Mr Politis didn't waste too much time, buying 200,000 shares on the day in two separate transactions, shelling out $2.1m when most investors appeared to be bailing out as its share price crashed 19 per cent. Another 100,000 shares were bought on May 28 for $1.1m, a notice to the ASX on Thursday shows.

Shares are currently near $10.04, down about 18 per cent since its May 21 close of $12.19 before the update.

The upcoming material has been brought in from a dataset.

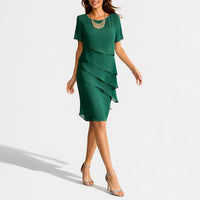 Isabella | Trendy and Comfortable Fall Wedding Tiered Chiffon Midi Dress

Mr Politis now owns 72.8 million of them.

Ticketmaster silent on data hack claims

A cyber criminal organisation has claimed to have hacked one of the world’s most popular online ticket sales companies, illegally acquiring the personal data of hundreds of millions of customers worldwide.

The group, known as ShinyHunters, say they were able to breach Ticketmaster’s systems and collect 1.3 terabytes of customer data.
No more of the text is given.